TO DO: Below are some records. Retype exactly the lines from the one containing "Lote en parcelación" through the one containing "Daisy - William", both included, skipping every picture.

INPUT FOR THIS TASK:
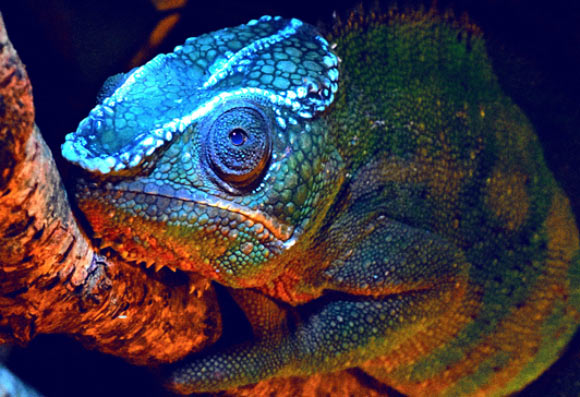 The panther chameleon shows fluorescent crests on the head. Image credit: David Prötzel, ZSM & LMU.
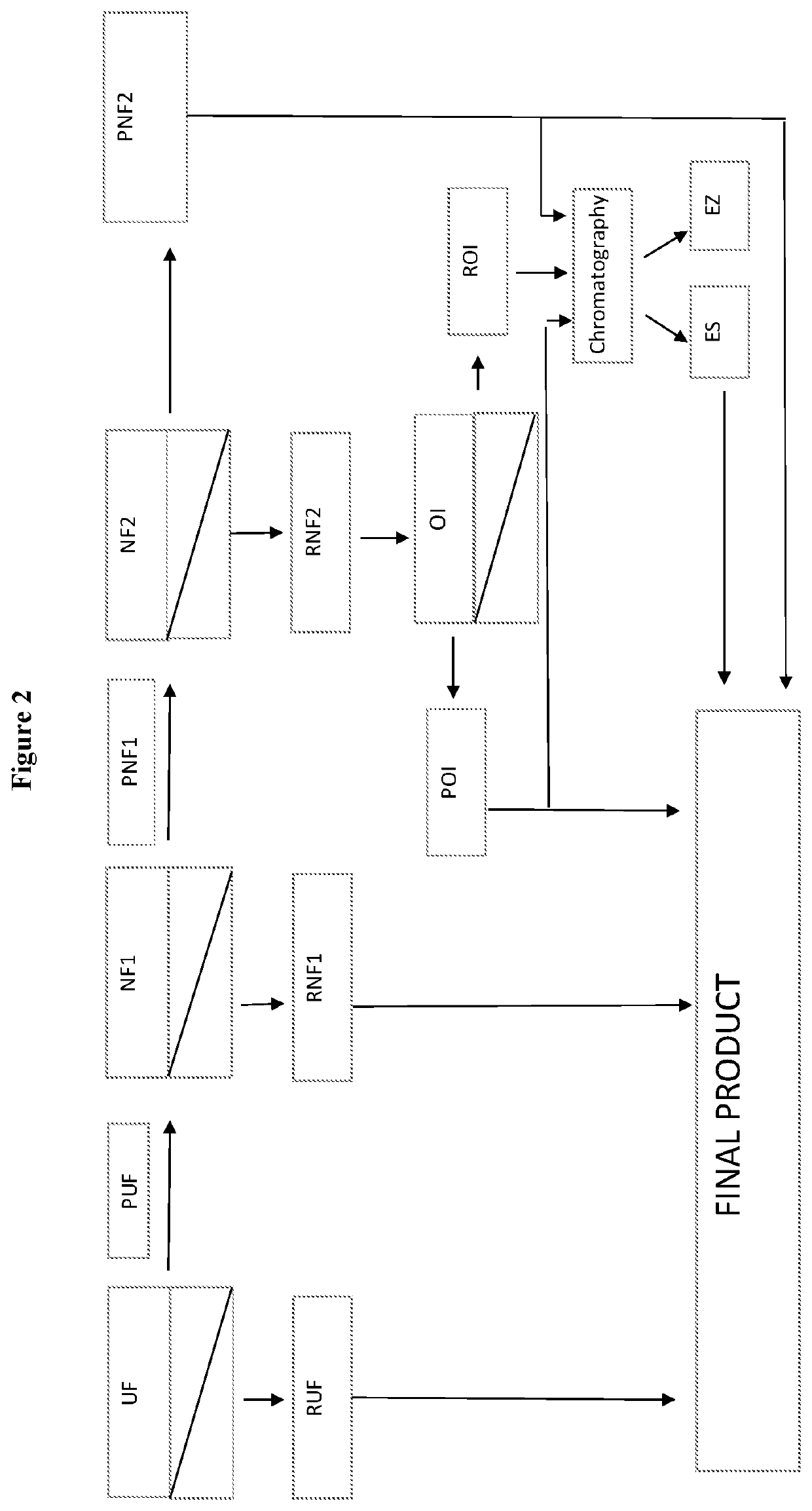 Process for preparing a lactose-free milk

--

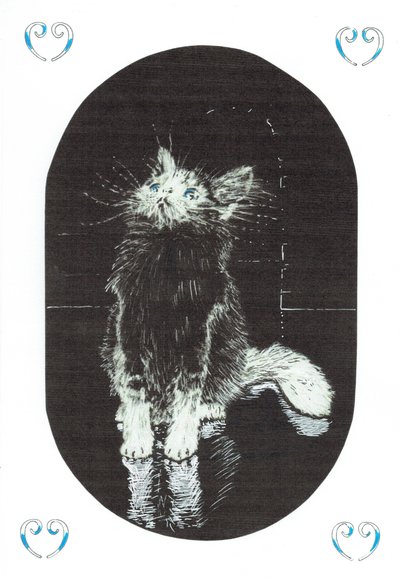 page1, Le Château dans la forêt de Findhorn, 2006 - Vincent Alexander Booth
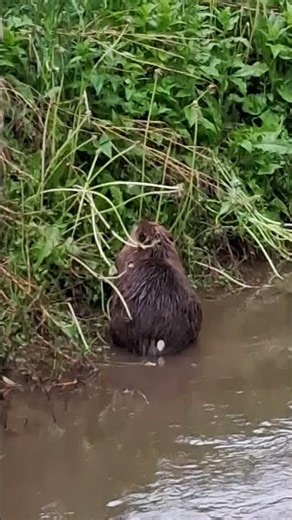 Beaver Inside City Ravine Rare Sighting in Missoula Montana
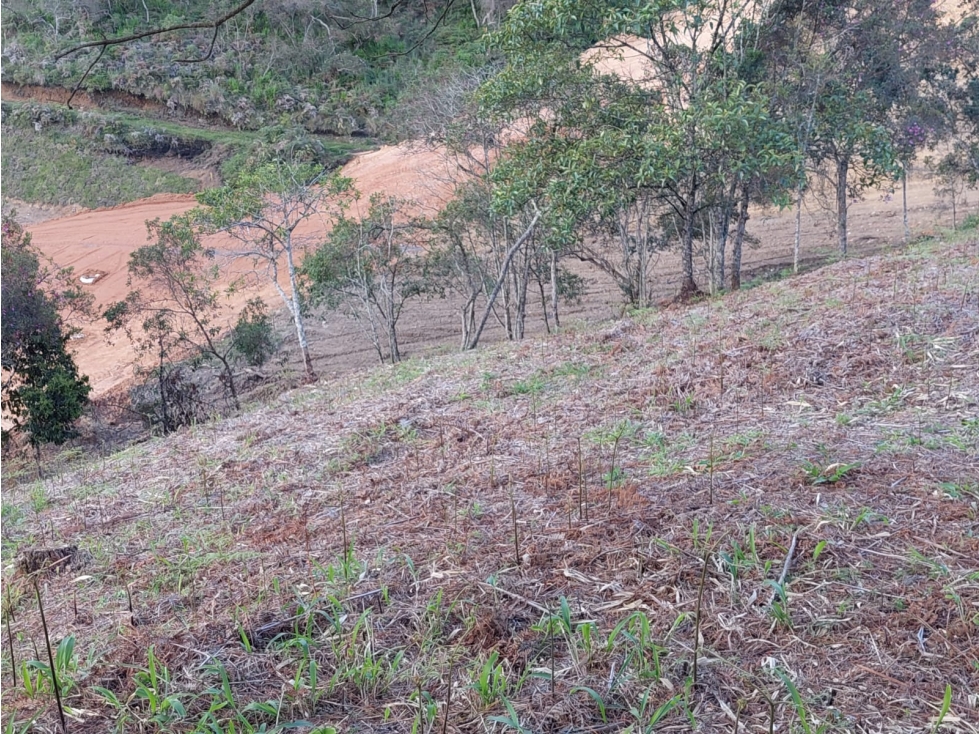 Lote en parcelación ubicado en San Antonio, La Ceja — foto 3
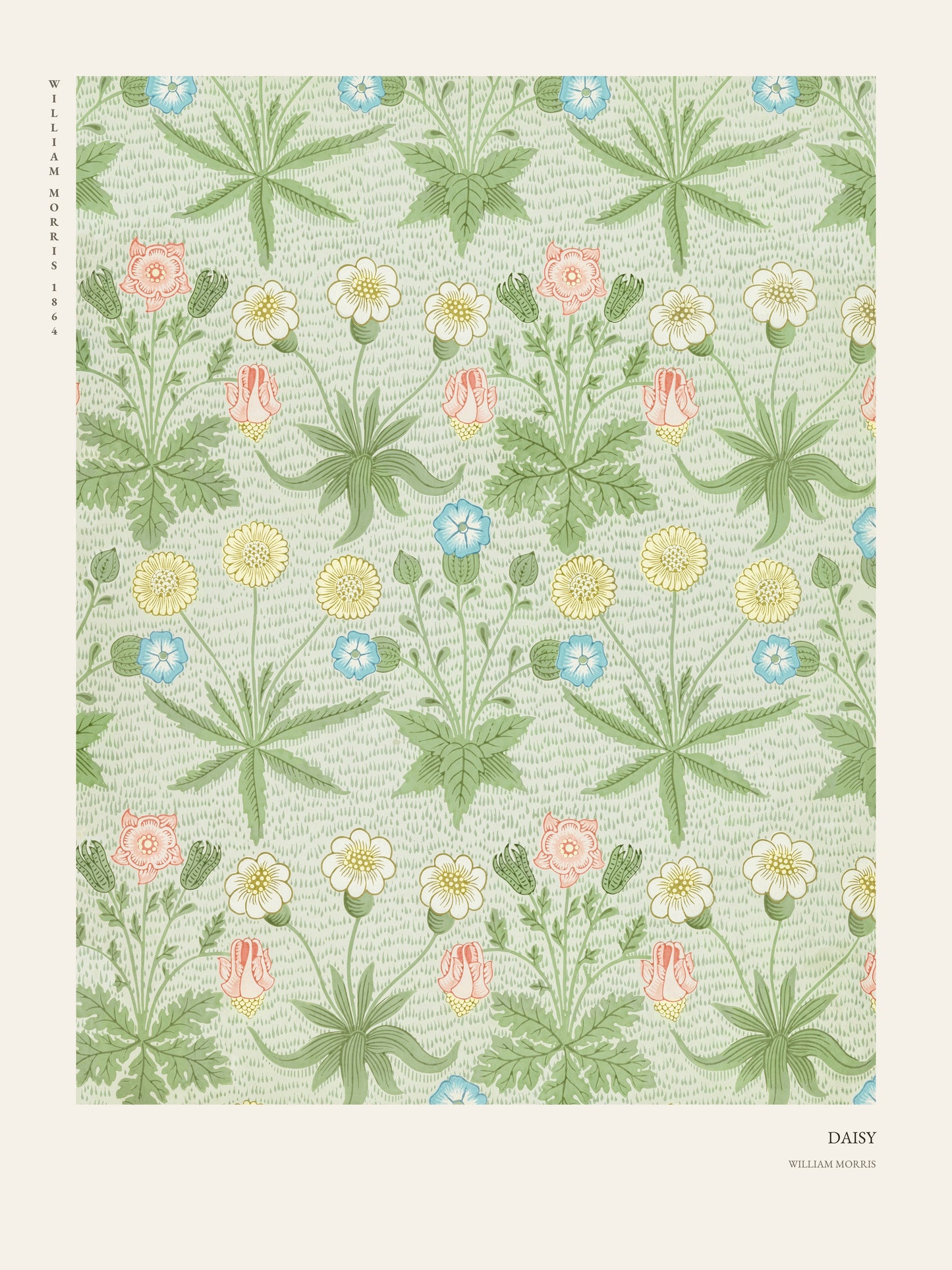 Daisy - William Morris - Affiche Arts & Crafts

OUTPUT:
 Lote en parcelación ubicado en San Antonio, La Ceja — foto 3
 Daisy - William Morris - Affiche Arts & Crafts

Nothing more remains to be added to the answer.